ESCA Consultation on Investment Funds Regulations – Latest Developments

4 April 2011

Please see the last section of this client briefing regarding clarifications provided by ESCA in a recent meeting with Clifford Chance LLP and certain industry members

In January 2011, the UAE Securities and Commodities Authority ("ESCA") published a Draft Decision on Investment Funds (the "Investment Funds Regulation") for consultation. If and when implemented, the Investment Funds Regulation will transfer regulatory responsibility for the licensing and marketing of investment funds and for a number of related activities from the UAE Central Bank (the "Central Bank") to ESCA. ESCA has confirmed that the UAE is considering implementing a "twin peaks" model of financial services regulation and supervision and the Investment Funds Regulation represents the first move in this direction. Under a twin peaks model, the Central Bank would be responsible for both systemic stability and prudential oversight, while ESCA would be responsible for conduct of business matters (including markets oversight and consumer protection).


Pursuant to the draft Investment Funds Regulation, all funds made available to investors in the UAE (irrespective of minimum investments, the size, number or sophistication of investors, and of whether contact results from reverse solicitation) would need to be approved by ESCA and offered through a locally licensed placement agent.

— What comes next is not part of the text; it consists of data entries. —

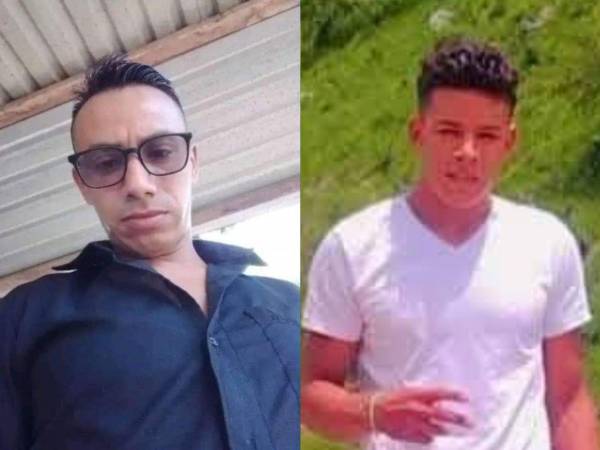 Los dos jóvenes fueron asesinados en Macuelizo, Santa Bárbara.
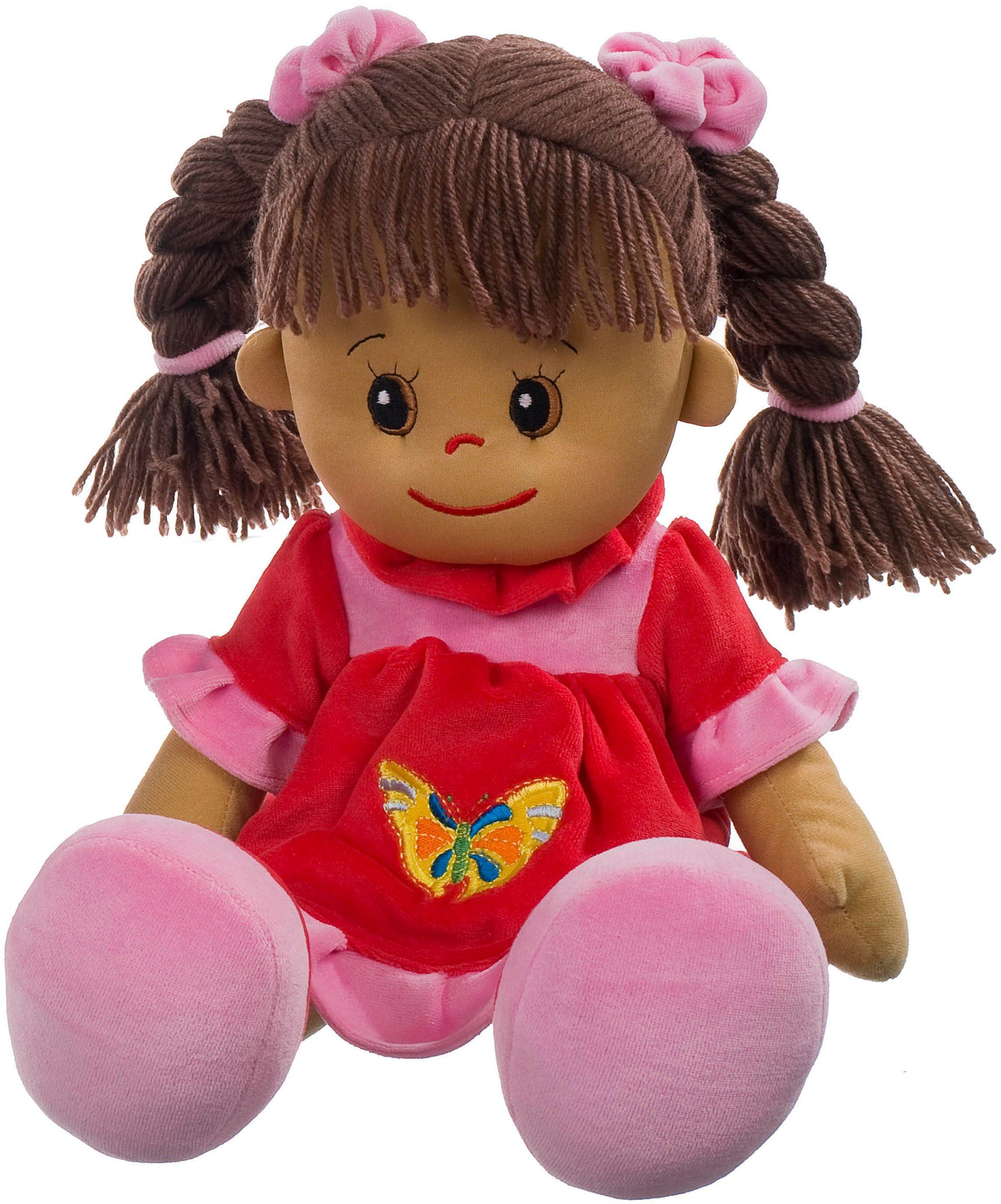 Heunec® Stoffpuppe Poupetta Lucy mit braunem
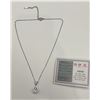 Image 3 : Sterling .925 SilverÂ  Tear Drop 1.0 Carat Solitaire Pendant & Necklace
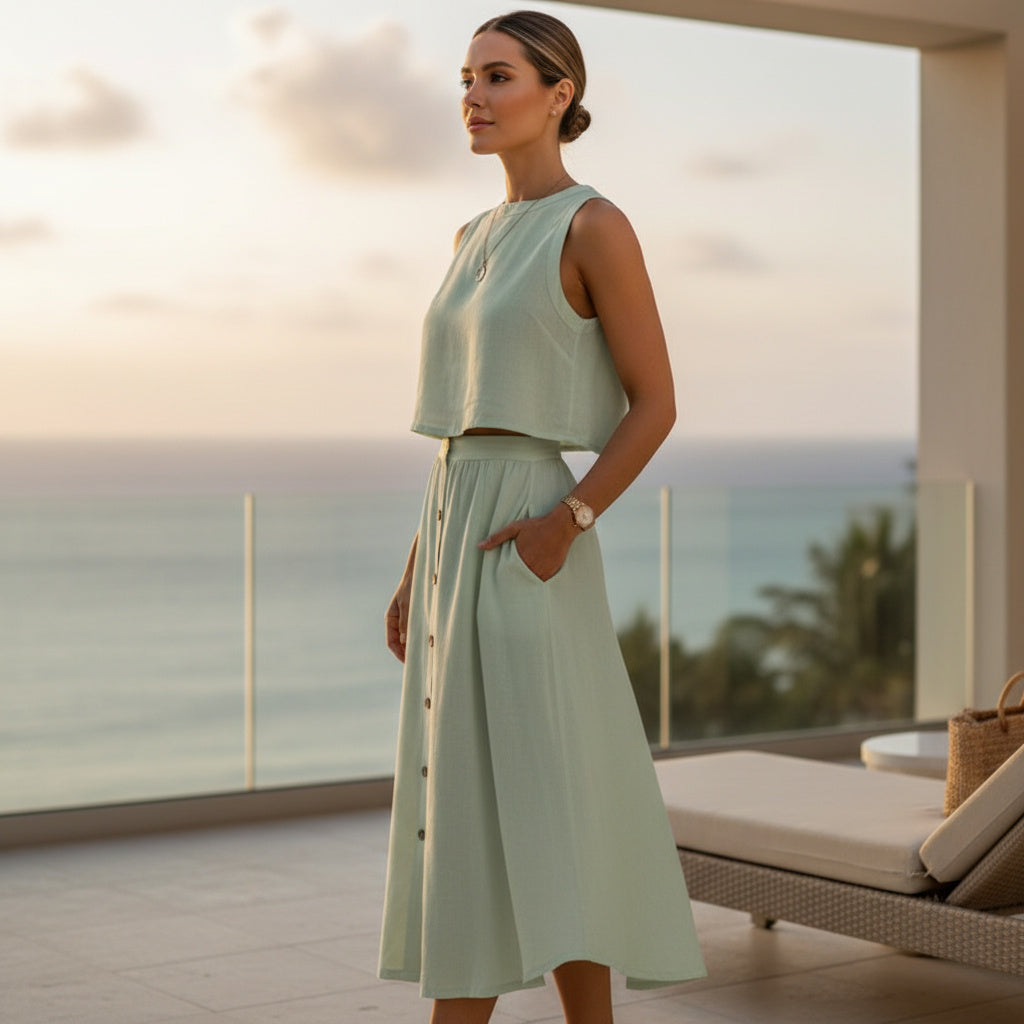 Amalfi Coast Linen Luxe Set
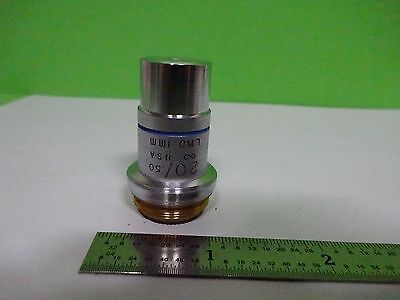 MICROSCOPE PART OBJECTIVE LWD 20X ACHROMAT AMERICAN OPTICS AS IS  BIN#W3-32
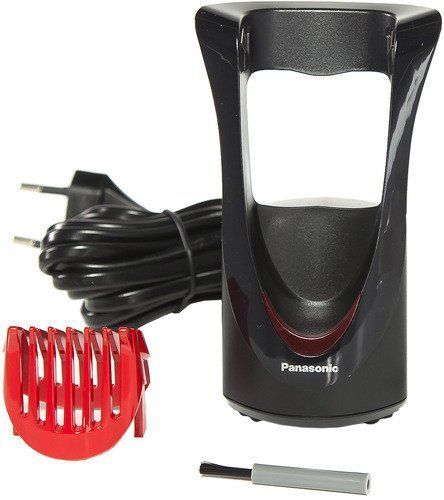 Тример Panasonic, для бороди і вусів, мережа+акум., насадок-1, червоно-чорний (ER-GB40-R520) 369322 фото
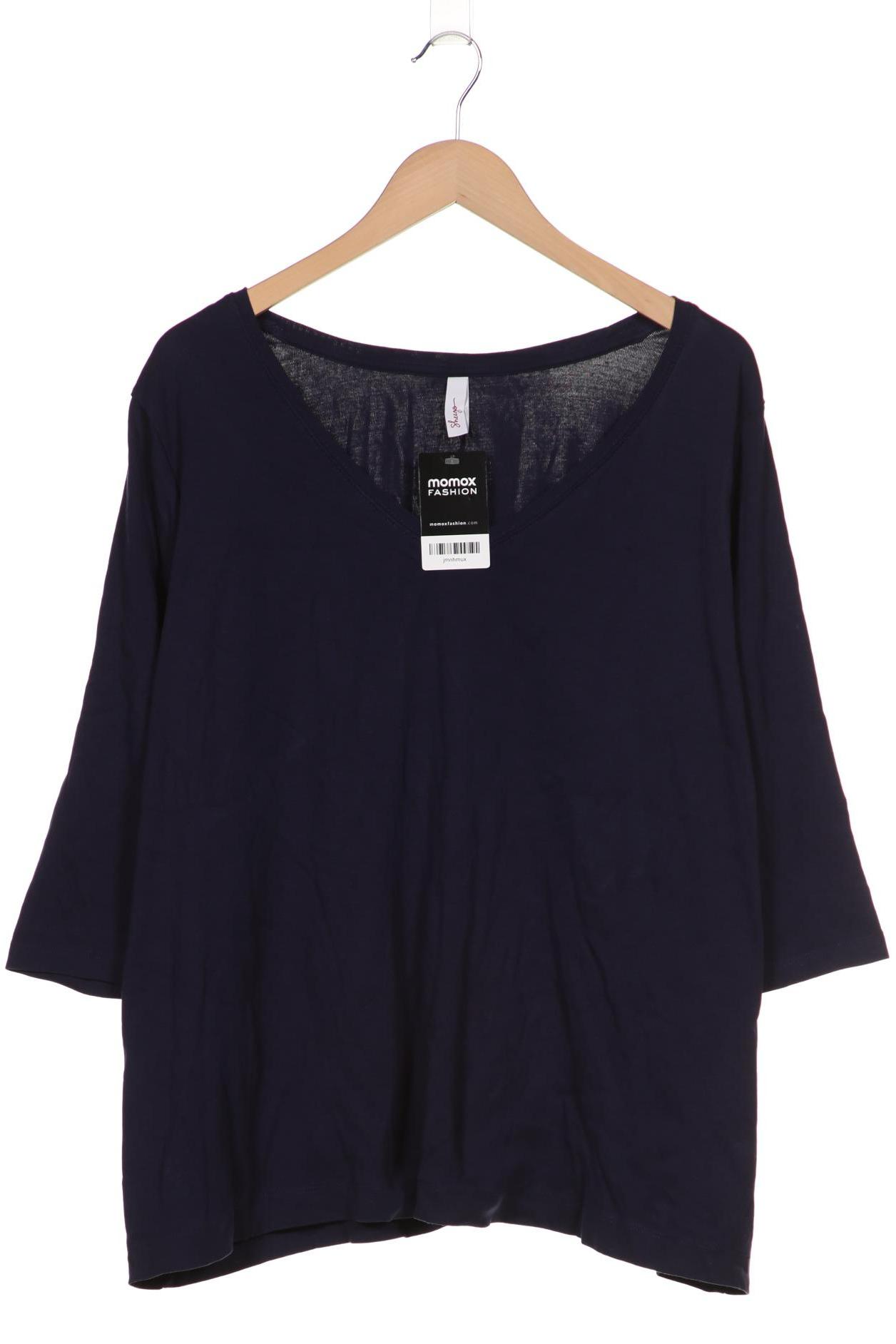 

sheego Damen Langarmshirt, marineblau, Gr. 52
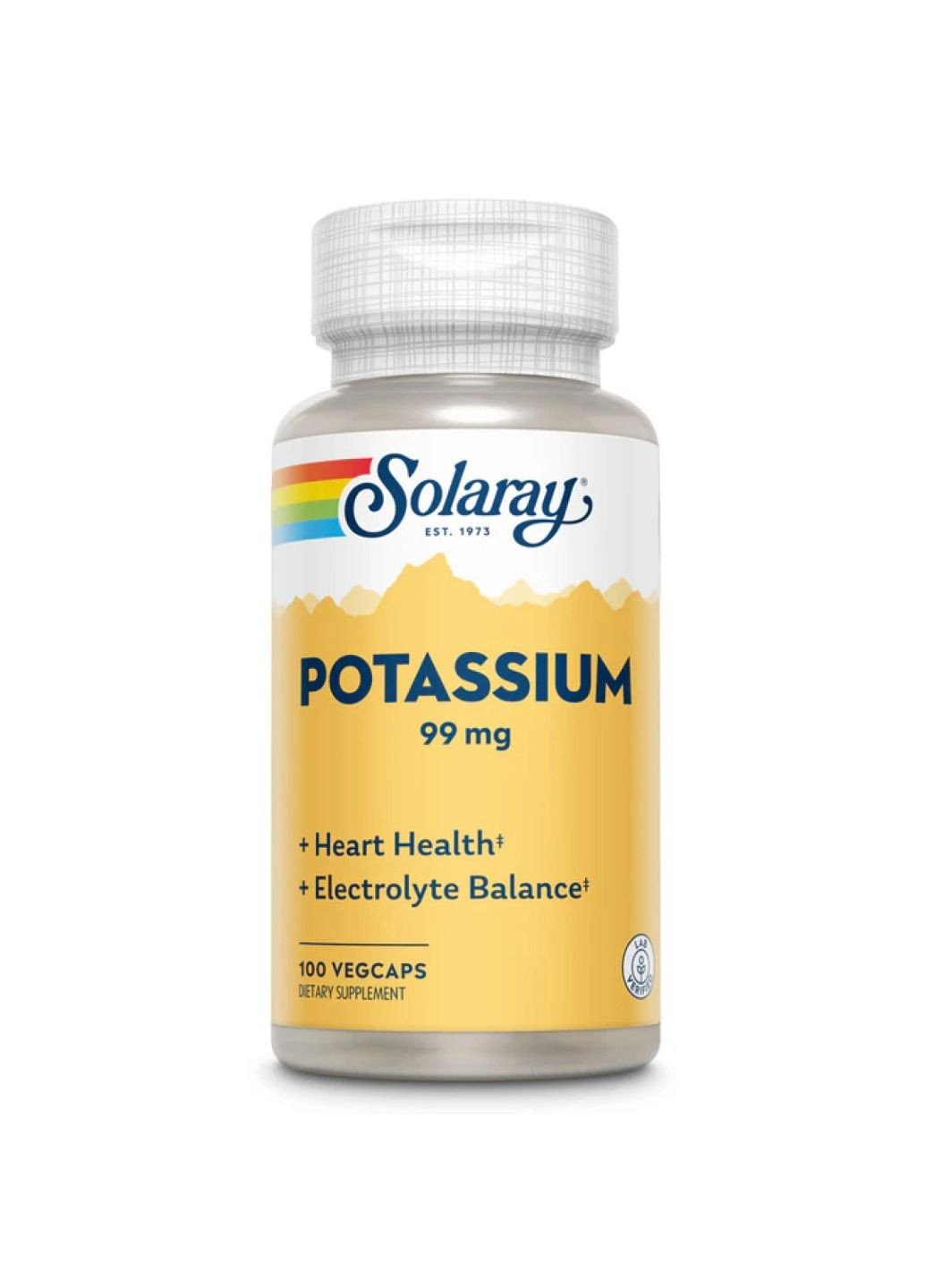 Комплекс Potassium 99mg - 100 vcaps Solaray (300709478)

If implemented, this may cause problems for many firms established in the Dubai International Financial Centre ("DIFC") or elsewhere, who currently engage in a limited amount of cross-border business with non-retail investors in the UAE in a manner that was previously tolerated by the Central Bank. The proposed regime is more stringent than that applied by other regulators in the region (where there is often an informal "tolerated practice" for non-retail business) or in European jurisdictions (where there is generally an explicit exemption for private placements or exempt offers), and would be most comparable to the position in Saudi Arabia.